[Saved data entries]

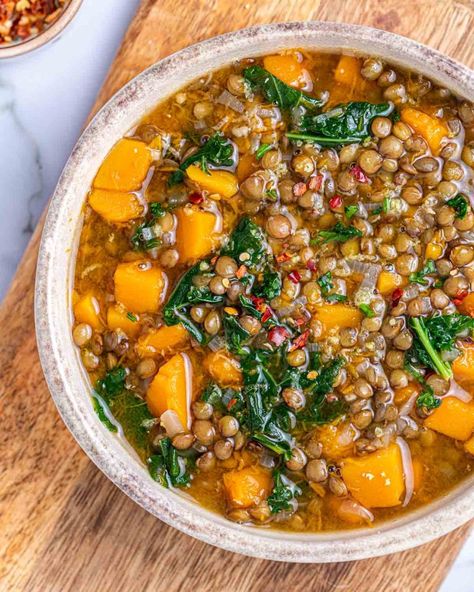 Butternut Squash + Green Lentil Soup | Clean Food Crush Lentil Soup With Butternut Squash, Clean Food Crush Butternut Squash Soup, Lentil And Butternut Squash Soup, Acorn Squash Lentil Soup, Fall Lentil Soup, Lentil Squash Soup, Lentil Butternut Squash Soup, Butternut Squash Lentil Soup, Squash Lentil Soup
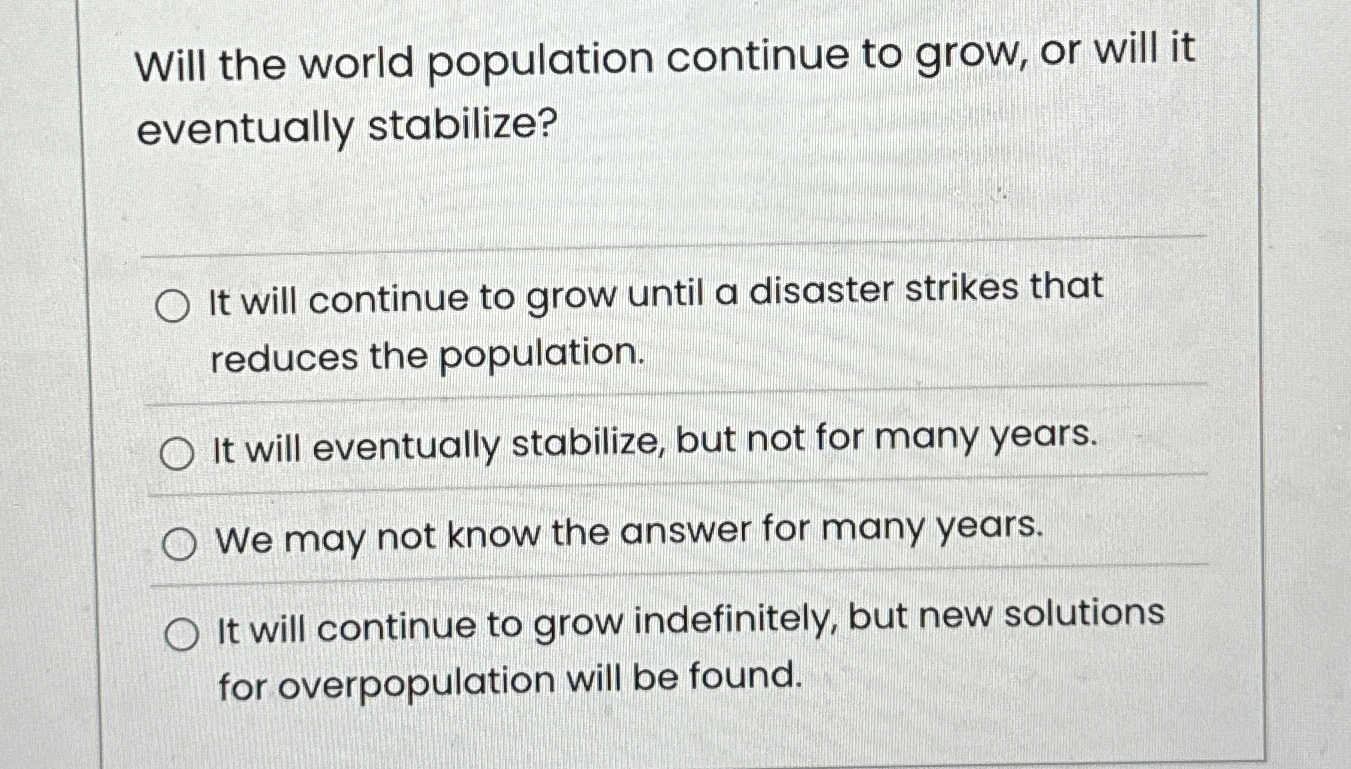 Will the world population continue to grow, or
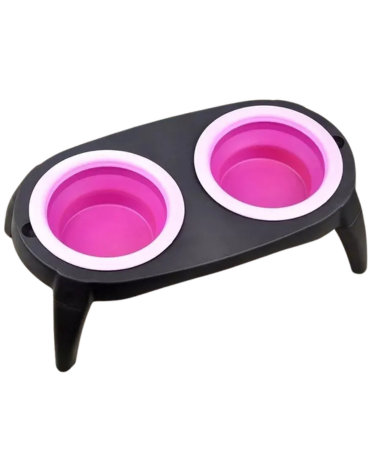 Plato Doble Alto para Mascotas Colores Surtidos x 6 Unds. Medida: 39 x 22 cm aprox.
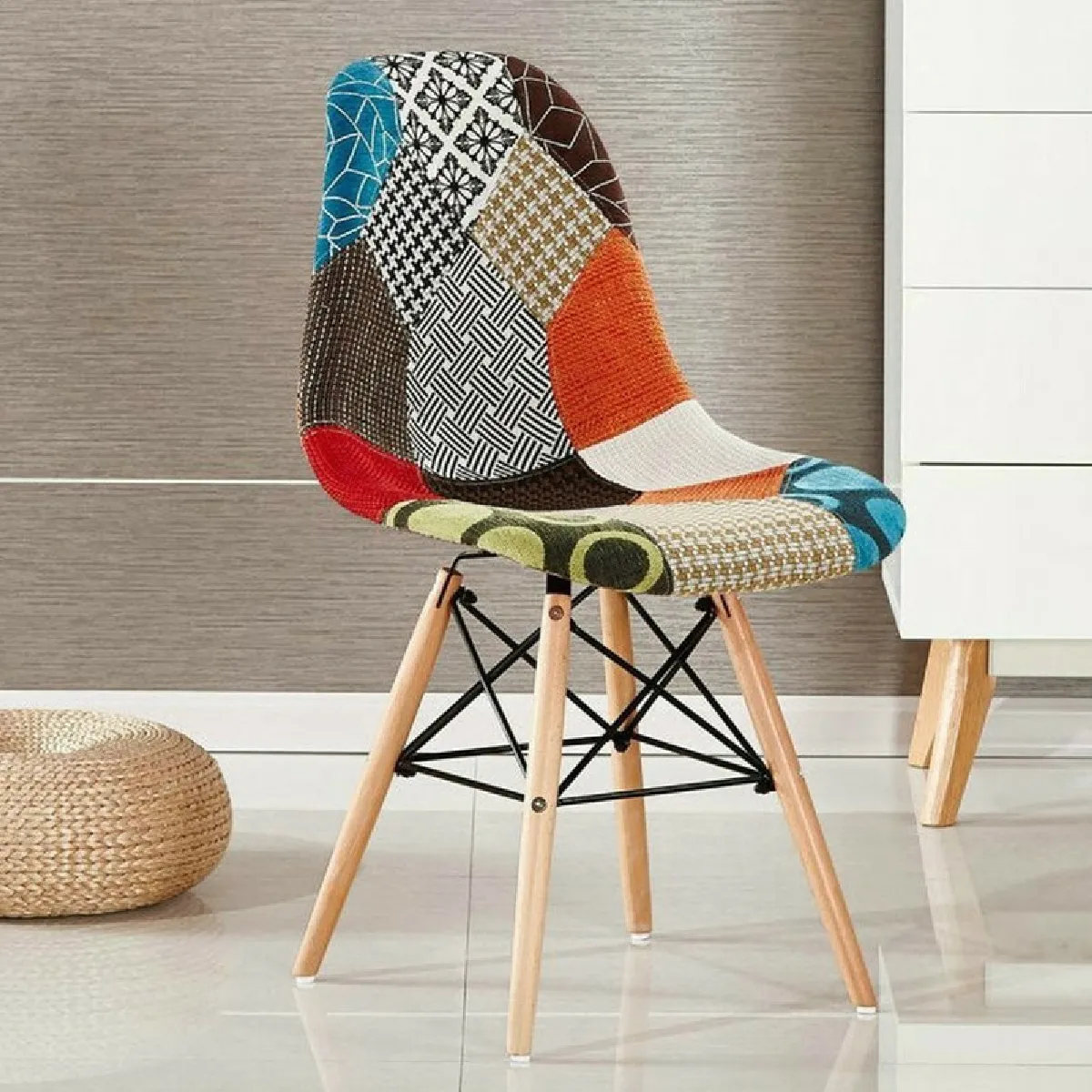 Lot De 4 Chaises De Salle à Manger Style Nordique - Assise Patchwork Rouge, Structure Hêtre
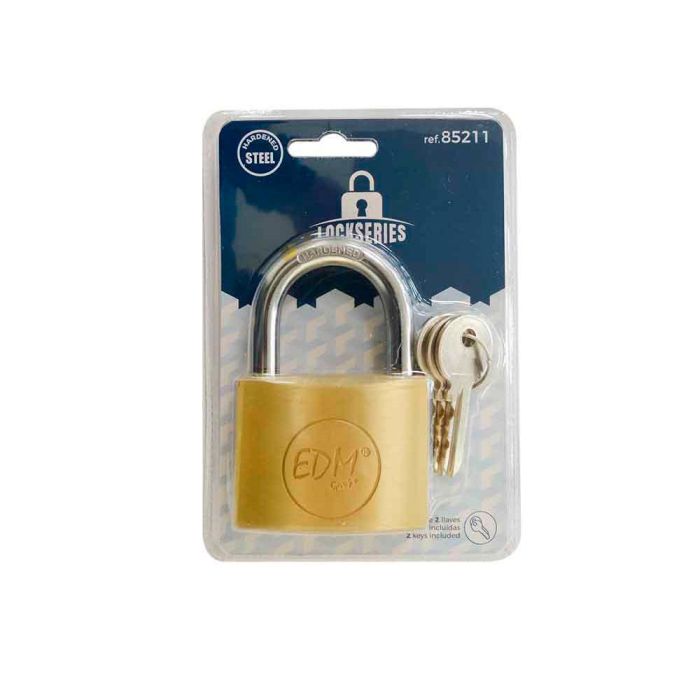 Edm Candado de latón arco normal 60 mm, dorado/cromado, 60x20x46 mm, arco Ø9.5 mm, 3 llaves 1 Edm Candado de latón arco normal 60 mm, dorado/cromado, 60x20x46 mm, arco Ø9.5 mm, 3 llaves 1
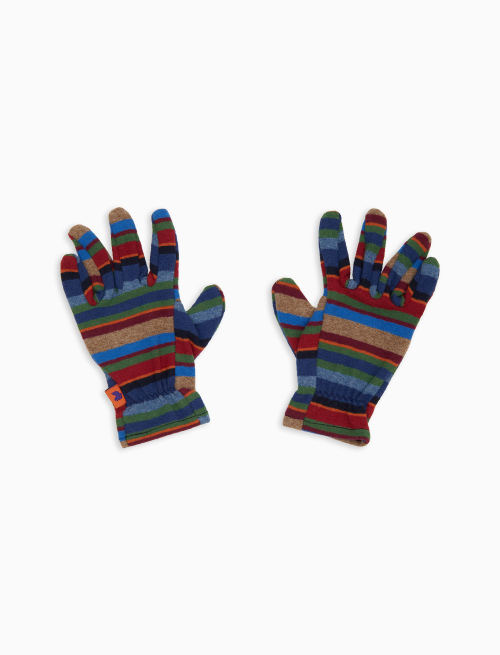 Kids' blue fleece gloves with multicoloured stripes - Accessori | Gallo 1927 - Official Online Shop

▶ Exercise objective
Retype word for word the span of lines above that begins with the line containing "Will the world" and ends with the last line of the records; skip all pictures.

▶ Answer to this exercise
 Will the world population continue to grow, or
 Plato Doble Alto para Mascotas Colores Surtidos x 6 Unds. Medida: 39 x 22 cm aprox.
 Lot De 4 Chaises De Salle à Manger Style Nordique - Assise Patchwork Rouge, Structure Hêtre
 Edm Candado de latón arco normal 60 mm, dorado/cromado, 60x20x46 mm, arco Ø9.5 mm, 3 llaves 1 Edm Candado de latón arco normal 60 mm, dorado/cromado, 60x20x46 mm, arco Ø9.5 mm, 3 llaves 1
 Kids' blue fleece gloves with multicoloured stripes - Accessori | Gallo 1927 - Official Online Shop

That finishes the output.